The Wall Street Journal also took a shot at “reform conservatives” for going too hard on Ryan:
On the other side are a cast of conservative intellectuals who don’t like Mr. Ryan because he continues to believe in the Ronald Reagan-Jack Kemp vision of a tax-reforming, free-market GOP that focuses on economic growth. They think the GOP needs a policy mix to address income inequality and promote redistribution—albeit to the middle class—rather than aiming for faster growth.
This raised the ire of Ross Douthat at the New York Times, who thinks the Journal pushing Ryan into battle against both Trumpism and the reformicons is “some ripely delusional stuff”:
Ryan has to appear neutral because Trump is threatening riots? I’m old enough to remember when the Journal editorial page opposed appeasement! Ryan shouldn’t risk any kind of rupture because if Trump is the nominee a Republican civil war might cost the G.O.P. the House? Trump as the nominee is itself the thing that might cost the GOP the House! Ryan should stand ready to “steer” a President Trump away from “his worst instincts”? I mean, there isn’t going to be a President Trump … but if there were, what does it say about the Journal’s editorial page, allegedly a bastion of liberty and cosmopolitan conservatism, that it wants the heir of Kemp and Reagan to keep his options open and his hands undirtied with #neverTrumpism, just in case he might get the chance to help an illiberal race-baiting violence-abetting war crimes-endorsing demagogue pass, I dunno, the biggest supply-side tax cut in the history of the Laffer Curve?

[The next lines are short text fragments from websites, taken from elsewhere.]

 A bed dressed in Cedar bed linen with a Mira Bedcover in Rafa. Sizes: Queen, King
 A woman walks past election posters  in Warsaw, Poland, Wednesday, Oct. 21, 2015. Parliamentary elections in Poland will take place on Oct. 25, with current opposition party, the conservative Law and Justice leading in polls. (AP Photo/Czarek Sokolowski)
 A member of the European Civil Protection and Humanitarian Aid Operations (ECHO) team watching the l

Douthat sums up the Journal’s strategy as: “Do nothing, change nothing, and hope Trump simply does his destructive work and passes on. And if the party is reduced to actual rubble in the process, well, the important thing is that the purity of a policy vision from thirty-five years ago has been preserved in its pristine, handed-down-from-heaven form.”
Clearly Douthat doesn’t have much use for Trump, but Trump supporters would agree with his analysis of the Establishment’s folly. They’re sticking to a supply-side gospel that is difficult to sell to people nervous about the future of the American middle class after years of Obama’s policies, and lingering anxiety over the 2008 financial crisis. At this point, when a lot of people hear talk about pro-growth tax cuts, they recoil from either liberal caricatures of cigar-chomping robber barons lining their pockets while the Little Guy suffers… or they recoil from the memory of Obama’s cronies getting rich off their political connections while the rest of the U.S. economy was stuck in a quagmire.
Both “reform conservatism” and Trumpism aim to rewire parts of the Leviathan State to directly benefit middle-class constituencies, rather than cutting that bloated government down to size and kick-starting the engines of capitalism to grow us out of malaise and impending government fiscal crisis. Adherents of both philosophies can fairly complain that the Republican Establishment hasn’t been listening to their concerns, and has grown remote from both GOP base voters and the working class.
The Establishment seems to have contingency plans for everything except listening to its base voters and addressing their needs.
Not even a primary utterly dominated by outsider candidates, in which one blue-chip Party man after another got thrown off the debate stage, has been able to get their attention.